Consider the situation when the body is displaced through small angle, $\theta$.
Torque on the body about point $O$ is given by
$$\tau = - mglsin\theta \quad ..\left( i \right)$$
Note: -ve sign indicates that torque is acting in opposite direction to that of the displacement.
Where,
$l=$ distance between point of suspension ($O$) and the center of mass of the body ($G$)
If $I$, be the moment of inertia of the body about point $O$ then, $$\tau = I\alpha \quad ..\left( {ii} \right)$$
From equation $(i)$ & $(ii)$ we get,
$$\begin{equation} \begin{aligned} I\alpha = - mglsin\theta \\ \alpha = \frac{{ - mgl\theta }}{I}\left( {sin \approx \theta\ \ {\text{for small oscillation}}} \right)\quad ..\left( {iii} \right) \\ \alpha = - {\omega ^2}\theta \quad ..\left( {iv} \right) \\\end{aligned} \end{equation} $$
From equation $(iii)$ & $(iv)$ we get,
$$\begin{equation} \begin{aligned} \omega = \sqrt {\frac{{mgl}}{I}} \\ \therefore T = 2\pi \sqrt {\frac{I}{{mgl}}} \\\end{aligned} \end{equation} $$
Example 8. A disc is suspended at a point $\frac{R}{2}$ above its center. Find its period of oscillations.

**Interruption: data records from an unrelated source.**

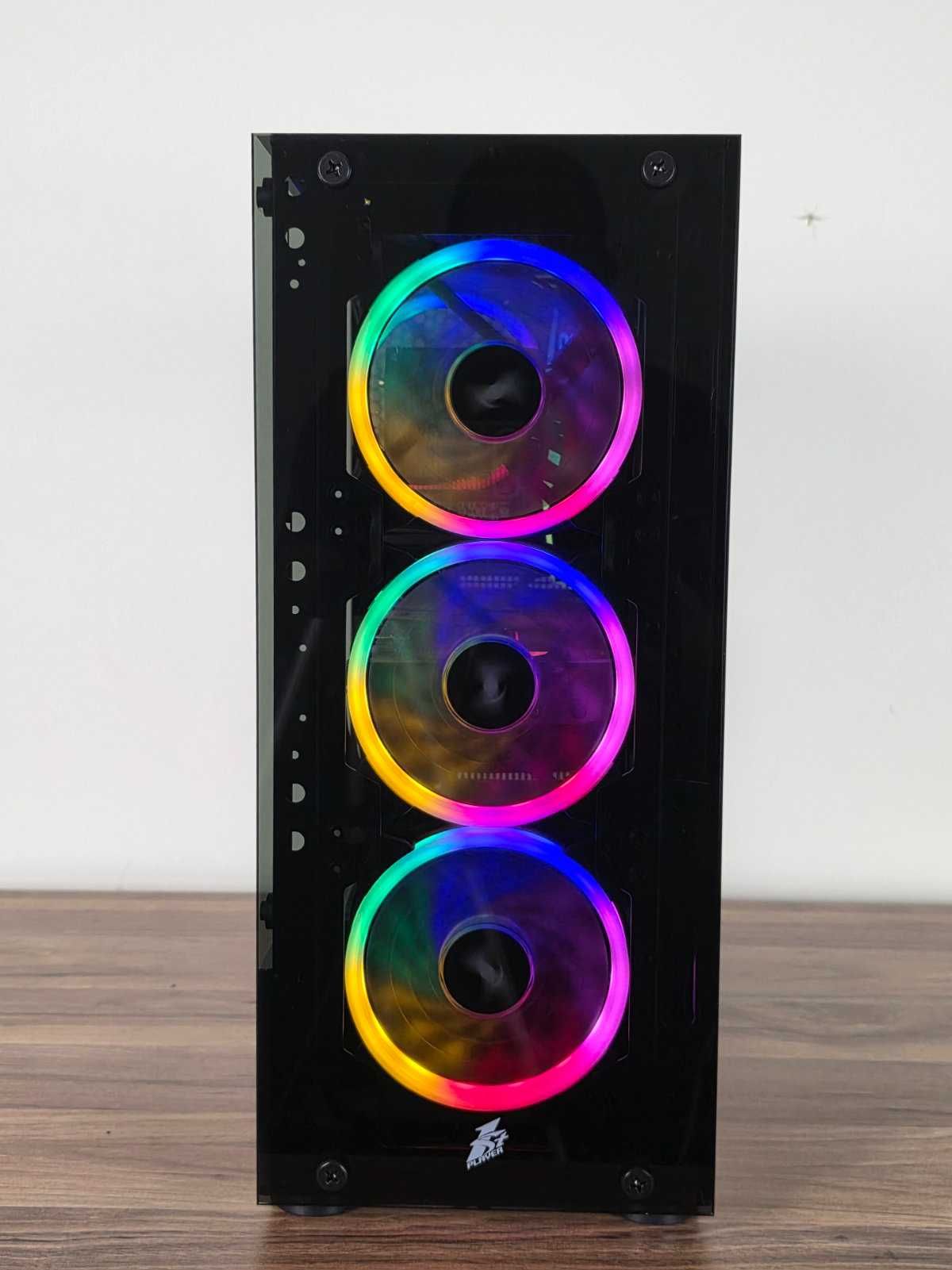 Гаранция / Нов ( Ryzen 5 5600 / RX 5700 ) Геймърски !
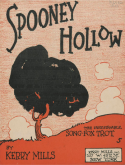Spooney Hollow, Kerry Mills, 1920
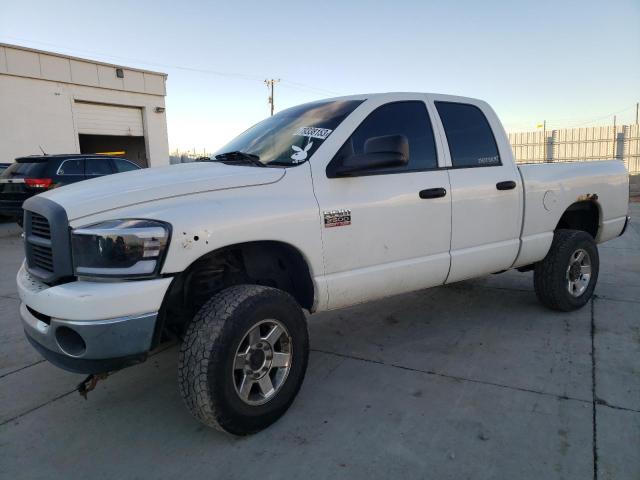 2007 DODGE RAM 2500 ST, 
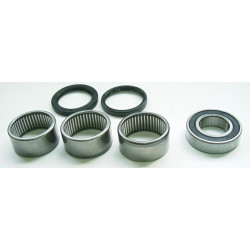 Kit reparación rodamientos de basculante TOURMAX - Kawasaki ZX-7R/RR - ZX9R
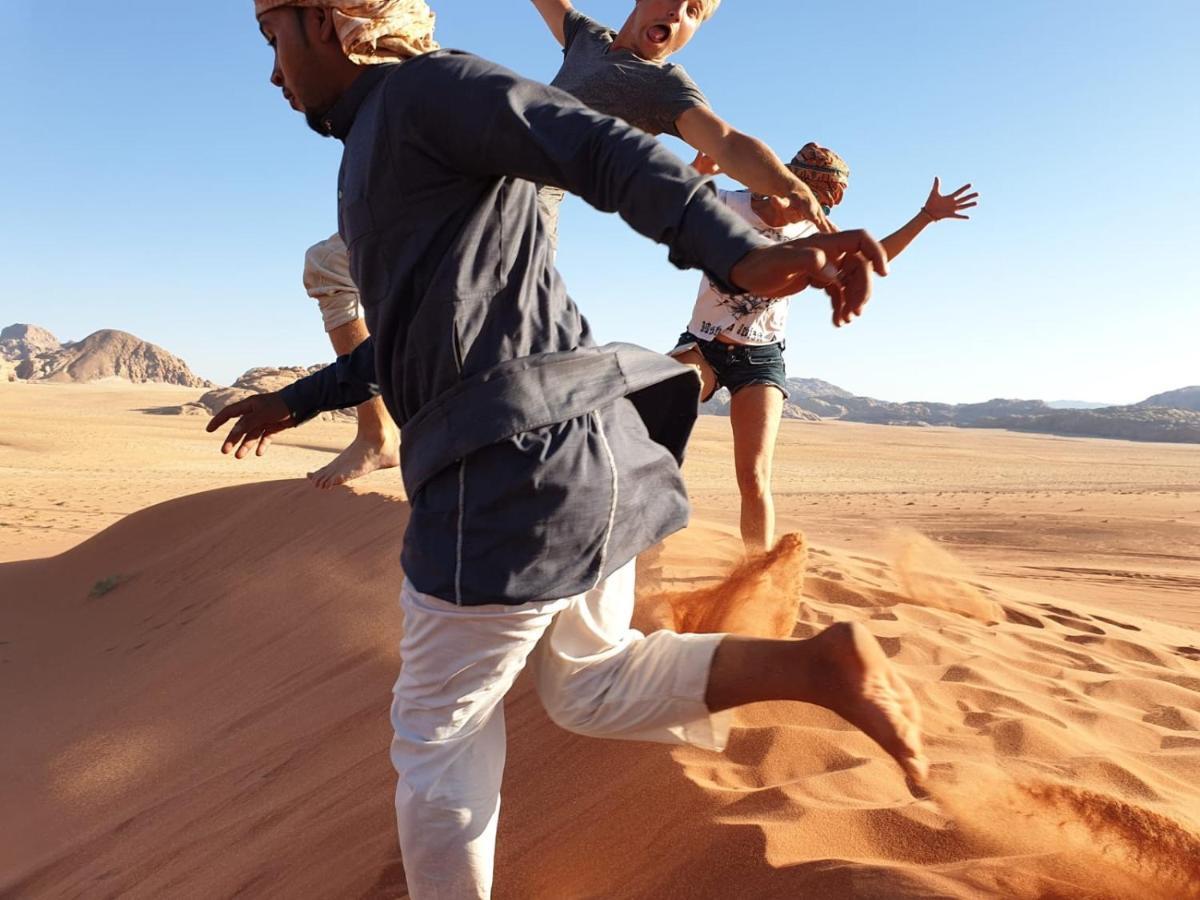 Stars Life Camp-Tour Hotel Wadi Rum Luaran gambar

Solution: First we will calculate the moment of inertia about point $O$ i.e., $I_O$.
We know moment of inertia about point $C$, i.e., $I_C$ $${I_C} = \frac{1}{2}m{R^2}$$
By using parallel axis theorem, we get
$$\begin{equation} \begin{aligned} {I_O} = {I_C} + m{l^2} \\ {I_O} = \frac{1}{2}m{R^2} + m{\left( {\frac{R}{2}} \right)^2} \\ {I_O} = \frac{1}{2}m{R^2} + \frac{1}{4}m{R^2} \\ {I_O} = \frac{3}{4}m{R^2}\quad ..\left( i \right) \\\end{aligned} \end{equation} $$
After displacing the disc by a small angle $\theta$, the restoring toque act is,
$$\tau = - mglsin\theta $$
(-ve sign indicated that torque is restoring).
$$\begin{equation} \begin{aligned} \tau = - mgl\theta \left( {{\text{for small oscillation }}\ sin\theta \approx \theta } \right) \\ {I_O}\alpha = - mgl\theta \left( {{\text{As }}\tau = {I_O}\alpha } \right) \\ \alpha = \frac{{ - mgl\theta }}{{{I_O}}}\quad ..\left( {ii} \right) \\\end{aligned} \end{equation} $$
We know, $$\alpha = - {\omega ^2}\theta \quad ..\left( {iii} \right)$$
$$\omega = \sqrt {\frac{{mgl}}{{{I_O}}}} \quad ..\left( {iv} \right)$$
As we know, $$T = \frac{{2\pi }}{\omega } = 2\pi \sqrt {\frac{{{I_O}}}{{mgl}}} \quad ..\left( v \right)$$
From equation $(i)$ & $(v)$ we get,
$$\begin{equation} \begin{aligned} T = 2\pi \sqrt {\frac{{\frac{3}{4}m{R^2}}}{{mg\frac{R}{2}}}} \\ T = 2\pi \sqrt {\frac{{3R}}{{2g}}} \\\end{aligned} \end{equation} $$